70% of Indians don't own a car. So why is every Indian city designed entirely for the 30% that do?
Stood at a signal near Hebbal last week. Counted vehicles for about 10 minutes out of pure boredom.
Bikes and scooters. Overwhelmingly. Then autos. Then BMTC buses packed so full people were hanging off the door. Cars were maybe 20-25% of what I saw. But the entire road, 6 lanes, two flyovers, a grade separator that took 4 years to build, existed almost entirely to move those cars slightly faster.
The bus stop was a painted line on the shoulder. No shade. No seating. Standing in exhaust fumes.
This isn't a Bangalore problem. Drive through any Indian city and the logic is the same. Road widening projects always eat into footpaths first. Flyovers go where car traffic is heavy. Parking bylaws require developers to build more car parking than actual homes in some zones. Signal timings are calibrated for vehicle throughput not pedestrian safety.
Meanwhile the guy on the BMTC gets 90 seconds to cross 6 lanes if he's lucky.
Census data is pretty clear on this. Less than 30% of Indian households own a car. But somewhere along the way city planning decided that car ownership was the default and everything else was a problem to manage around it.
The weird part is we have examples of it done differently right here.

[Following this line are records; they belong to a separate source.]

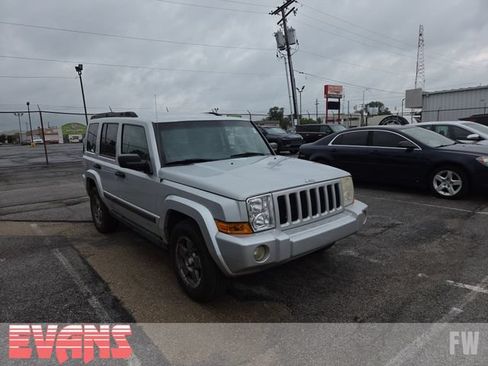 Used 2006 Jeep Commander 4WD image 1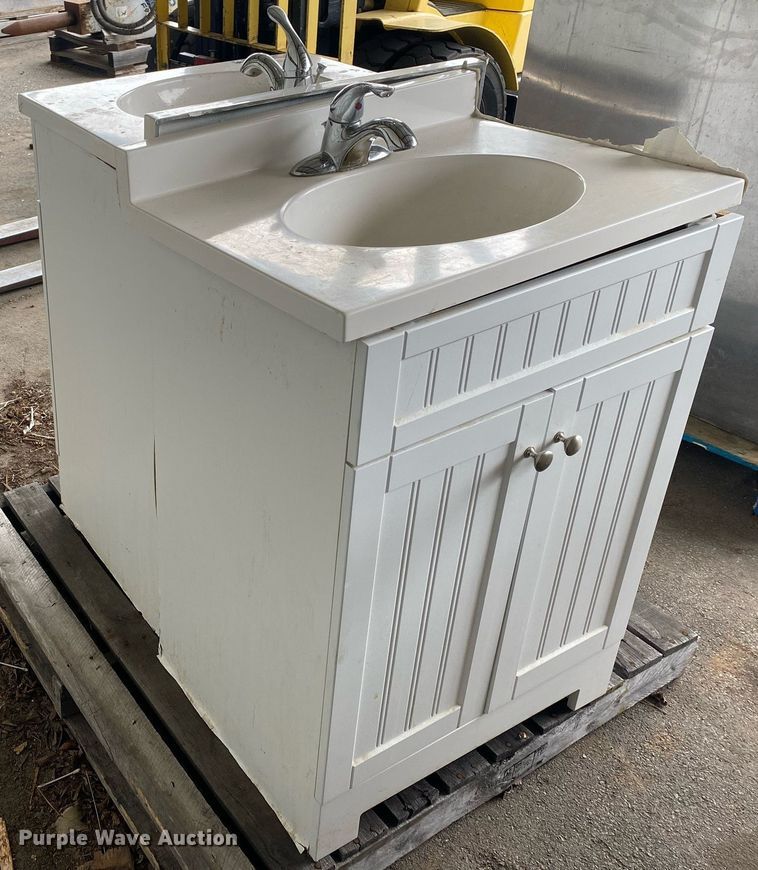 image for item LR9633 (2) bathroom vanities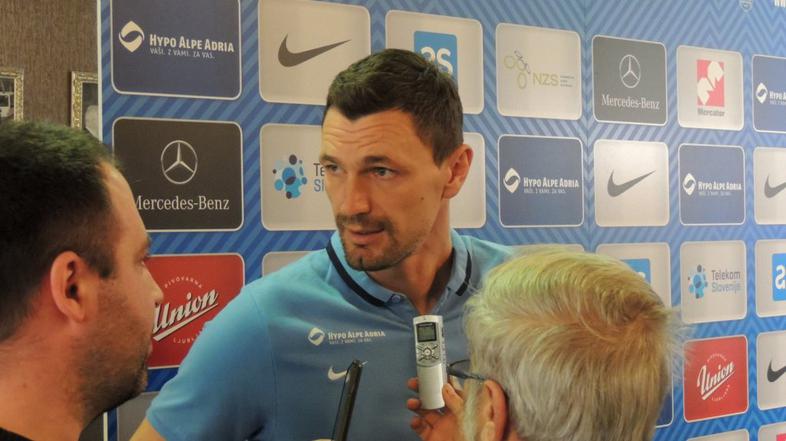 Zbor reprezentance. Milivoje Novaković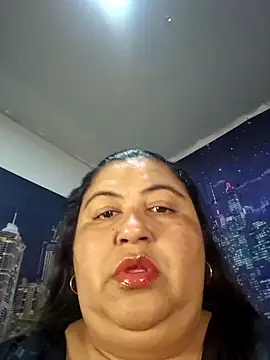 curvy diva  online show from 04-17-26, 09:56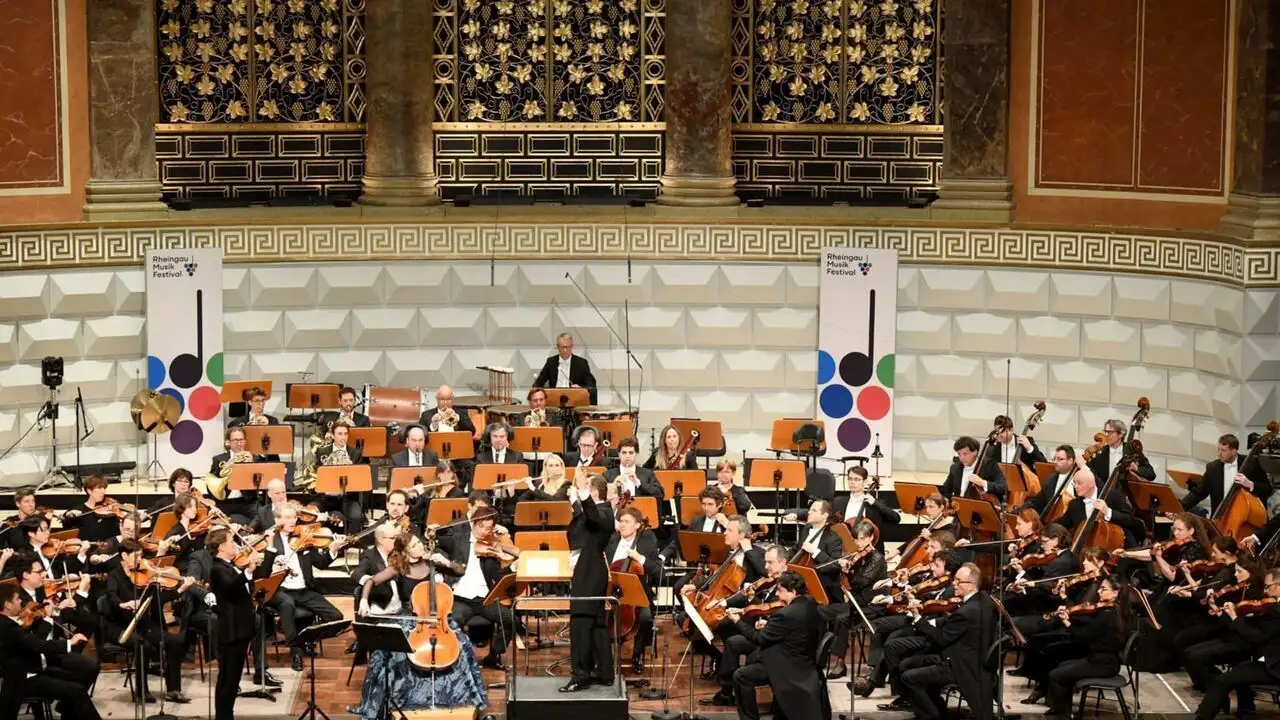 Renaud Capuçon et Julia Hagen interprètent Brahms – image d’arrière-plan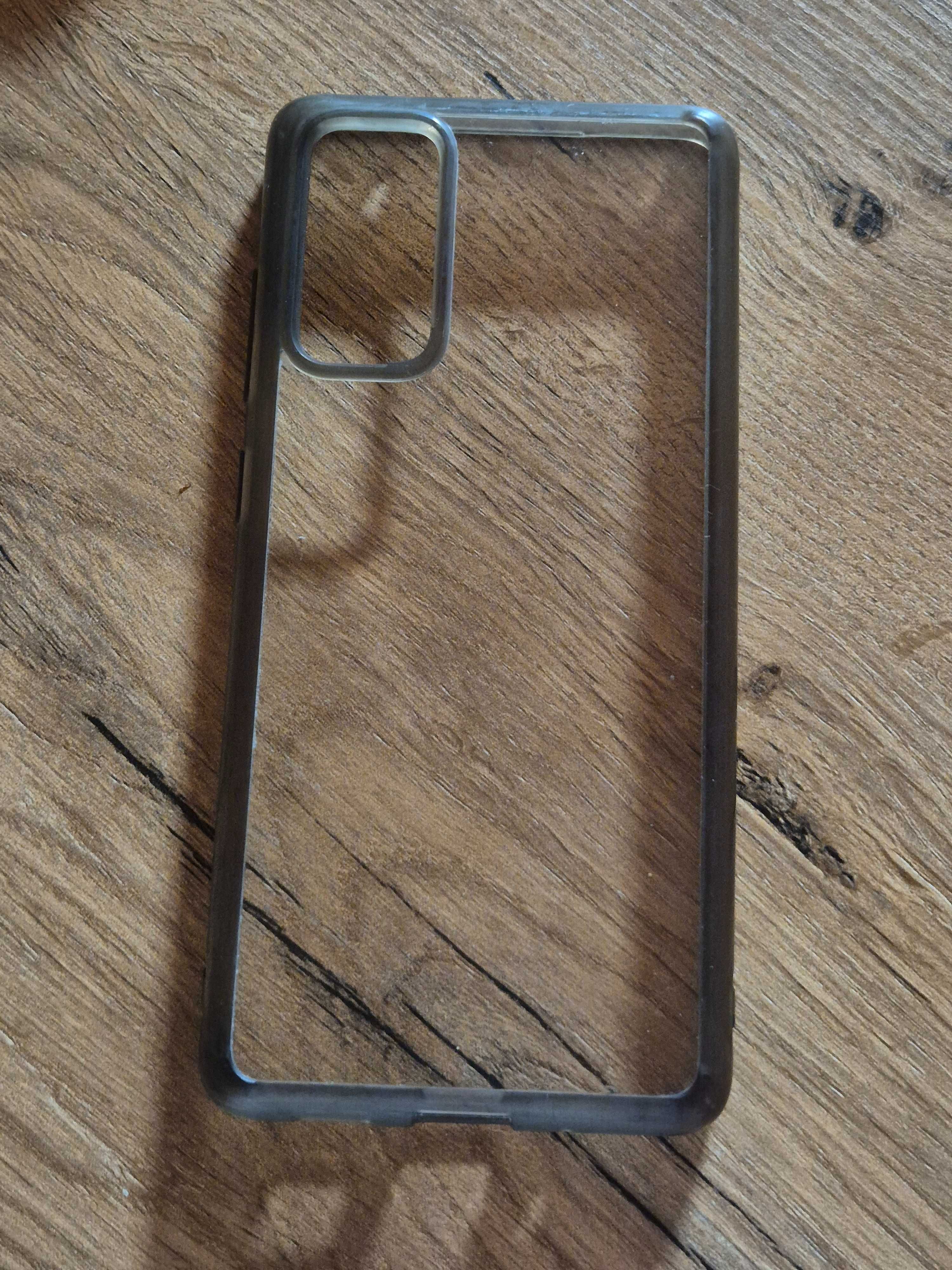 Samsung Galaxy S20 FE z etui
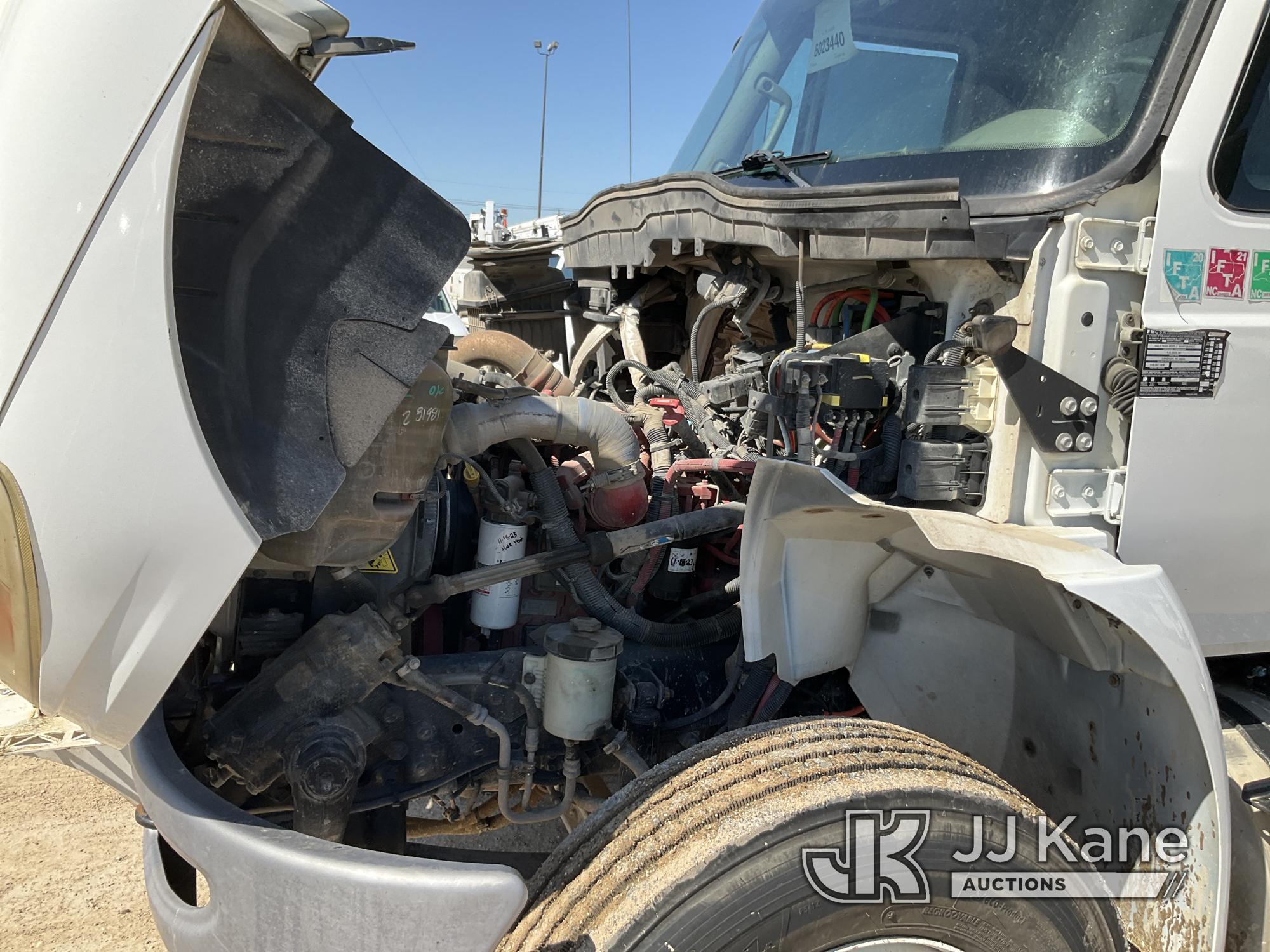 (Waxahachie, TX) Altec AA55-MH, Material Handling Bucket Truck rear mounted on 2017 International 43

Pune's river promenade. Parts of Chandigarh. Connaught Place on a Sunday when they pedestrianise it. The moment you take cars out, people actually use the space. Families, walkers, vendors, everyone. Turns out people like cities that are built for people.
But those are exceptions and usually temporary ones.
I think the real problem is who sits in planning meetings. It's not the BMTC commuter. It's not the guy on the bike. It's people who drove to that meeting and will drive home after it.
What's it like in your city? Is there even one road that feels like it was designed for someone who doesn't own a car?